The tall thin suspect vaulted out of the bed and slid into the backseat, brushing tiny fiery embers from his hair. Gone was the cocky attitude, the larger-than-life bad guy who had shot a bullet through Alex’s dog. The suspect was a quivering mass of terror. “Listen … you gotta get us out of here!”
“We’re stuck.” Alex didn’t look back at him, didn’t bother to raise his voice. He shut his door and stared at the flames.
In the backseat the suspect was going ballistic now, shouting for him to do something, to drive through the flames, or let him out of the truck. Screaming how they needed to say their prayers, and how he was going to run down the mountainside if Alex didn’t do something.
“Go … you won’t get far.” Alex leaned his forehead on the steering wheel and tuned him out. They were both going to die, and that meant he’d never know about Bo, never see Holly Brooks again. Never have the chance to thank her and tell her what he knew for sure now.
That his love for her had never died, no matter how he’d tried to suffocate it.
He opened his eyes and felt a burst of the fight that was so familiar to him. Maybe he
could
drive through the flames and make it out on the other side. He’d done that once tonight already, so why not at least try? But the fire ahead wasn’t a thin wall this time; it was an ocean of flames, an inferno. They’d get a few feet in, his truck would explode, and that would be that.

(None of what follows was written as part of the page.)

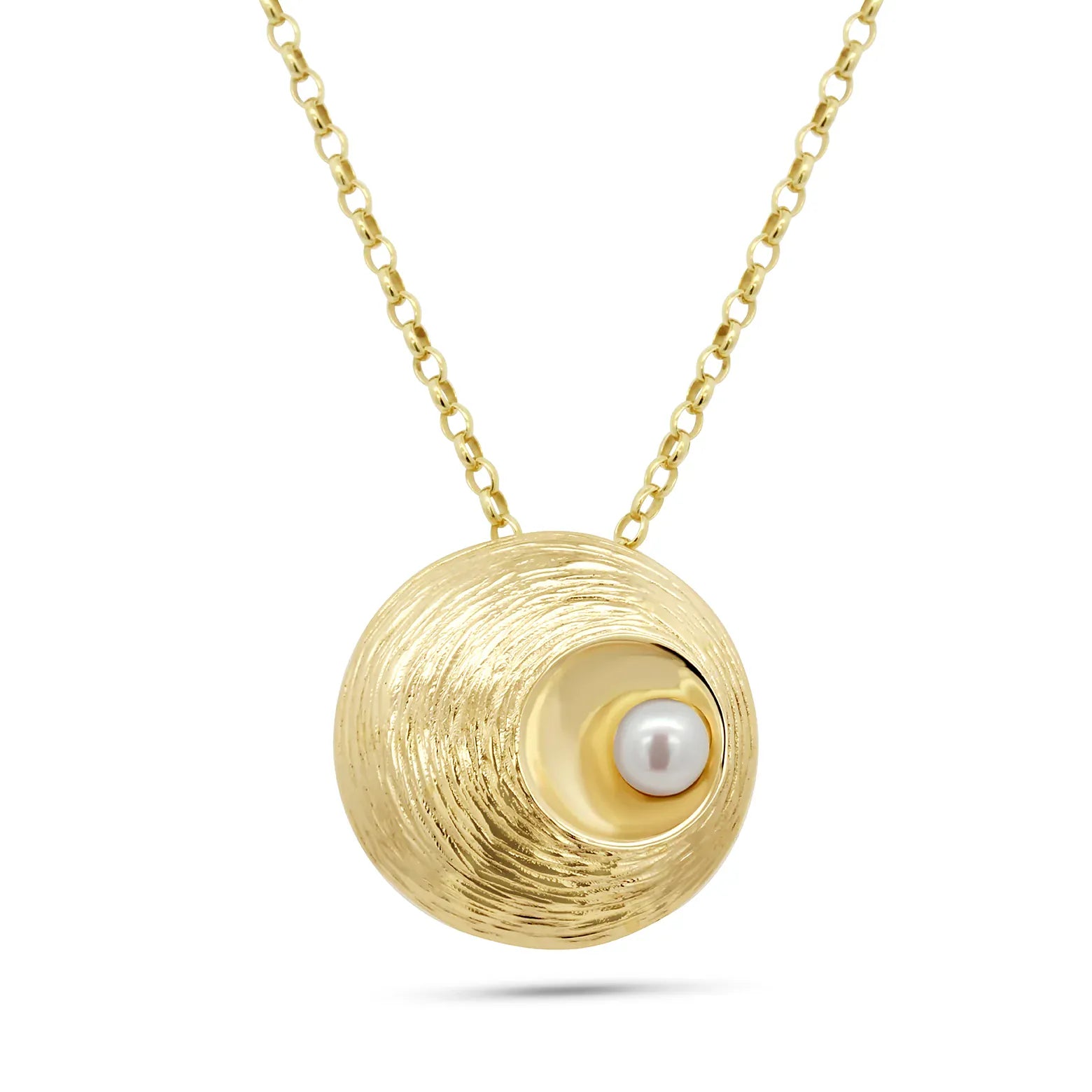 Martina Hamilton Pendants/Necklaces Oyster Pearl | 9ct Solid Gold and Pearl Pendant Large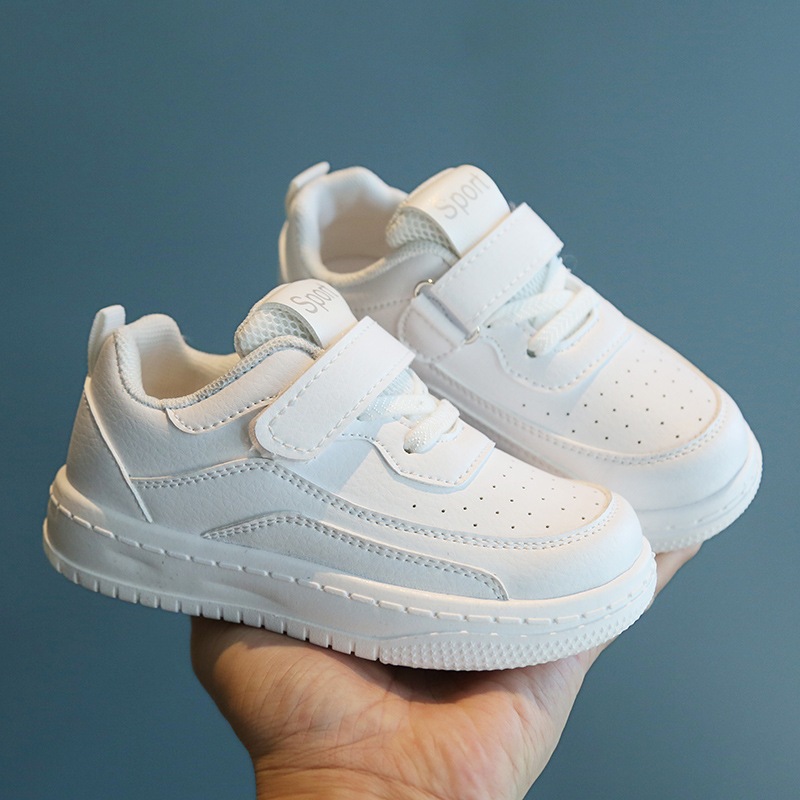 Children's white shoes 2023 spring and a...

He never should have come back up the hill after the suspect. If the guy had been killed in the fire, it would’ve been his own fault. Alex wasn’t responsible, and eventually the guy would’ve been caught — by fire or by the SWAT team when he came down — just like Joe had said. Joe had warned him not to come up here again. So Alex would die because of his own stubbornness, his determination to do things his way. That’s what would kill him in the end — just like the Bible verse had said. Alex looked over his shoulder again and saw what he already knew. The flames were closer now, the circle shrinking.
But to sit here and wait for certain death went against everything Alex knew. Suddenly, he remembered what the suspect had said a few seconds ago. How they needed to say their prayers … Whether the guy meant it or not didn’t matter. If Alex was going to die in the next few minutes, he had no choice but to talk to God — the God he’d walked away from seven years ago.
Whether it was the fire closing in on him or some divine act of the Holy Spirit, Alex wasn’t sure, but in that moment he could finally see with clarity that his father hadn’t died because of God’s callousness. He died because it was his time, and in a heartbeat he went from the horror of 9/11 to the hallways of heaven. His father never would’ve blamed God, and now Alex couldn’t blame Him either. Not for one more minute.
He opened the truck door, adrenaline flooding his veins, making it almost impossible to breathe or think or feel anything but overwhelming panic. The wind and burning embers gusted overhead, igniting bushes in the shrinking circle that surrounded his truck. The bad guy was still in the back screaming at him, begging him to do something, but there was nothing he could do.
It hit him then that this must be similar to how his father had felt in the moments before his death, trapped by a wall of flames with no way out, knowing that the fire had been set by terrorists. The difference was that his father had gone out with God at his side. Alex had no doubt about that.